- Bure Location in Ethiopia
- Coordinates: 10°42′N 37°4′E﻿ / ﻿10.700°N 37.067°E
- Country: Ethiopia
- Region: Amhara Region
- Zone: Mirab Gojjam Zone
- Elevation: 2,091 m (6,860 ft)

Population (2005 est.)
- • Total: 23,292
- Time zone: UTC+3 (EAT)

= Bure (Gojjam), Ethiopia =

Bure (Amharic: ቡሬ), also transliterated Burye is a town in western Ethiopia. Located in the Mirab Gojjam Zone of the Amhara Region, this town has a longitude and latitude of with an elevation of 2091 meters above sea level.

Bure enjoys a flourishing small business and connection point of businesses between Wolega, Gondar and Shewa. An agricultural training college and Bure Baguna, a mineral water factory, are the main modern industrial opportunities in the town.

== History ==
An early mention of Bure is Emperor Susenyos's visit in 1608, after he had celebrated Easter at Wancha near the Melka Saytant ford over the Abay River.

Ras Mikael Sehul and his puppet Emperor Tekle Haymanot camped at Bure in 1770 for three days. The Enderase (Regent) of the Emperor of Ethiopia, Ras Ali II, was born in Bure while his father Dejazmach Alula was governor of Damot.

Bure is located at a group of hot springs that were popular during the 19th century for their therapeutic properties.
When Charles Beke visited Bure in 1842, he reports he found the market "to be very small. It is occasionally visited by a few Gallas from Shinasha and A'muru." Beke continues, "The Baso market is, however, now-a-days so generally frequented by the merchants, that it has drawn away from Burie the trade which I apprehend formerly existed here." By 1880, its market was mentioned as having some trade in gold.
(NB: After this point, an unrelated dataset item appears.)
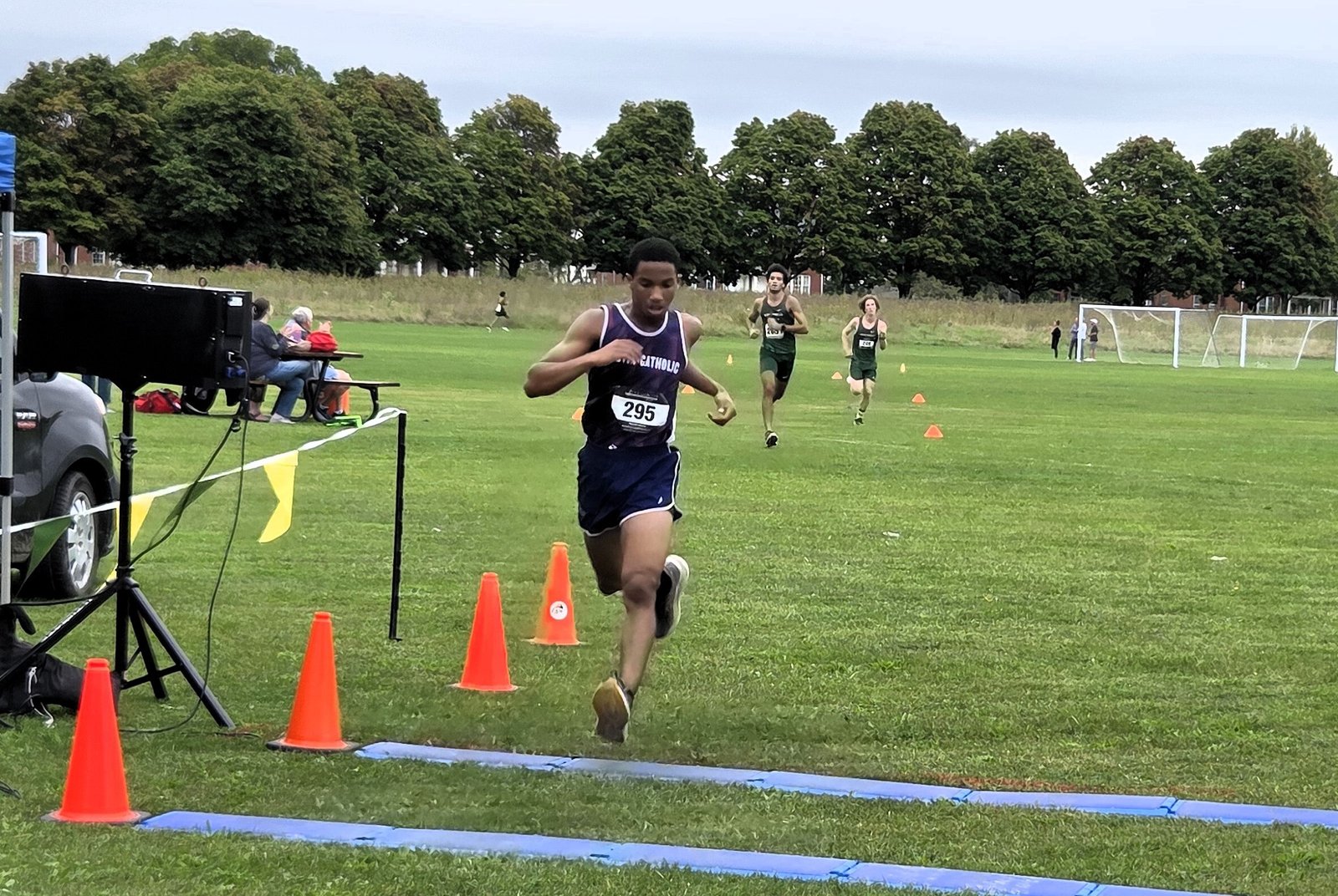 Austin Catholic sophomore Gavin Bowers crosses the finish line in first place at the Cardinal Division jamboree race on Sept. 16 in 17:42.1, just ahead of two challengers from Ann Arbor Greenhills.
In the late 1930s, during the Italian occupation, Bure was described as a large village with a market located on a ridge between the upper valleys of Fettam/Sarki and Selala. It had two churches, one dedicated to Saint John and the other to Kidane Mihret. It also reportedly had a radio telegraph station, a clinic, and the residence of the local Italian official. Because the town was an important strongpoint on the Bahir Dar-Debre Markos road, its capture by Gideon Force and the followers of Dejazmach Negash Bezibeh 4 March 1941 was a significant contribution to the defeat of the Italians in Ethiopia.

Due to ethnic unrest in the East Welega Zone (located in the Oromia Region) during 2001, over 10,900 Amhara sought refuge in Bure.

== Demographics ==
Based on figures from the Central Statistical Agency in 2005, this town has an estimated total population of 23,292, of whom 11,535 are men and 11,757 are women.
The 1994 census reported this town had a total population of 13,437 of whom 6,069 were men and 7,368 were women. It is the largest town in Bure woreda.In 2025 the town population is estimated to be about 70,000.